|"...inferno images...", Torn Curtain title|
Torn Curtain is a remarkably rich film, yet one cannot escape, at the end, a certain sense of emptiness.
- Robin Wood, Hitchcock’s Films Revisited
Michael stared through a red haze. Mr Gromek was a family man; Mr Gromek was loved; Mr Gromek had – had had – four kids, three girls and a boy.
- Richard Wormser, Torn Curtain (the novelisation)
TORN CURTAIN ENDED UP as a film of compromises. Hitchcock’s personal assistant of many years, Peggy Robertson, had held out great hopes for it but disliked the end-result. By the finish, it has skillfully steered its way to a resolution in which American scientist and spy Professor Michael Armstrong (Paul Newman) and his assistant and fiancée Sarah Sherman (Julie Andrews) manage to elude the East German police and escape to neutral Sweden; also, the film’s two hours have included Hitchcock’s usual rich medley of incident – but Armstrong’s spying mission, motivated by self-interest, lacks the audience-appeal the story needed.

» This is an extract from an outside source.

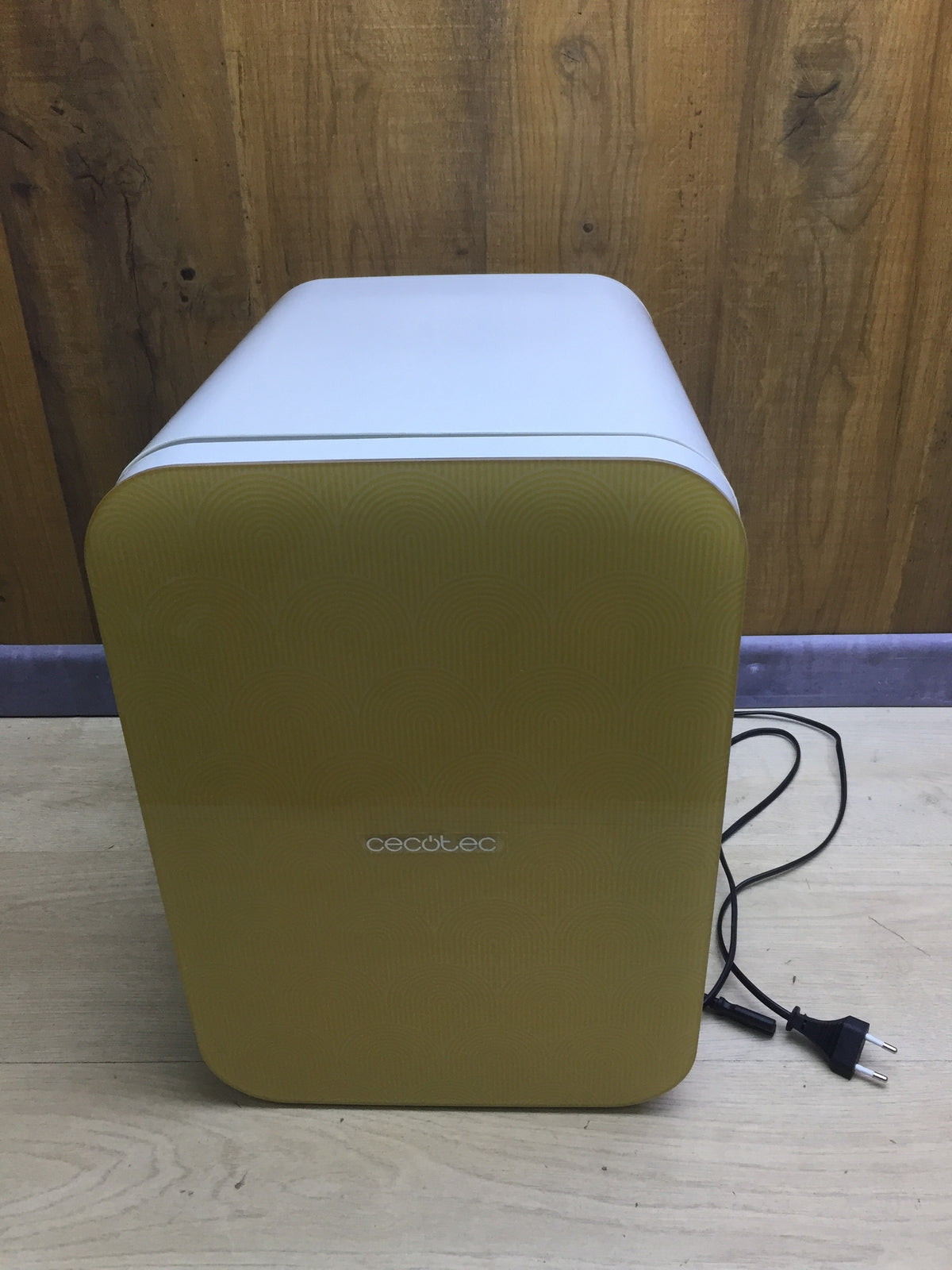 Cecotec Bolero MiniCooling 20L Bahamas Pat 2 Mini Kühlschrank (02702), I30878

Mind, the film does contain things that were ahead of their time, such as the idea of an anti-missile missile: not so different from President Reagan’s idea of a ‘Strategic Defence Initiative’ (SDI) which he announced in 1983. (From what I hear, the technology needed for it is just now becoming available.)
|Paul Newman, Julie Andrews|
Equally, the story was predicated on an idea that Hitchcock said came to him when he read about the two Russian spies (part of the ‘Cambridge Five’), Guy Burgess and Donald Maclean, who had recently fled from England. ‘I asked myself what Mrs Maclean thought about it all.’ (Incorrectly, people supposed that she had known nothing of her husband’s espionage activity.) In Torn Curtain we do indeed see the early scenes from the point of view of Sarah, who is puzzled by Armstrong’s behaviour, especially when he tells her that he has to fly to East Berlin. The two of them are in Copenhagen, Denmark, ostensibly for Michael to address a congress of physicists. Now Sarah is shocked. ‘But that’s behind the Iron Curtain!’ she exclaims. In turn, Michael is startled when Sarah decides to accompany him on the flight, despite his having forbidden her to join him. He will be glad of her presence later, however.
I have always admired the credits sequence of Torn Curtain. Robin Wood sees it as presenting us with inferno images: ‘to the left of the screen, flame; to the right, dense smoke, from which faces anxious, distraught, or tormented emerge and then disappear - faces we are to see later in the film. Only the faces of the lovers are calm and happy, and then only for the moment when they are shown together.’ But, note, we see considerable strain on Armstrong’s face a couple of times, as well as on others. (There is even the face of a helmeted fireman, from a scene presumably cut from the finished film. He, too, is looking concerned. He would have added to the inferno/fire connotations which are in the film in any case.) The whole sequence is accompanied by John Addison’s ‘overture’ which starts out with a premonitory rumble and then modulates into an almost tuneful and rhythmic, if ominous, lilt. Combined with the imagery of fire, which the smoke threatens to smother, the sequence intimates human resistance but its always-imminent defeat. The fiercely-burning flame was shot by a second unit at the Rocketdyne rocket-engine works in California. In sum, the fierce flame is like a symbol of the life-force (Schopenhauer’s Will?) with its inevitable suffering (as observed by that same German philosopher). Never let it be said that Hitchcock’s films are about ‘nothing’, or nothing important!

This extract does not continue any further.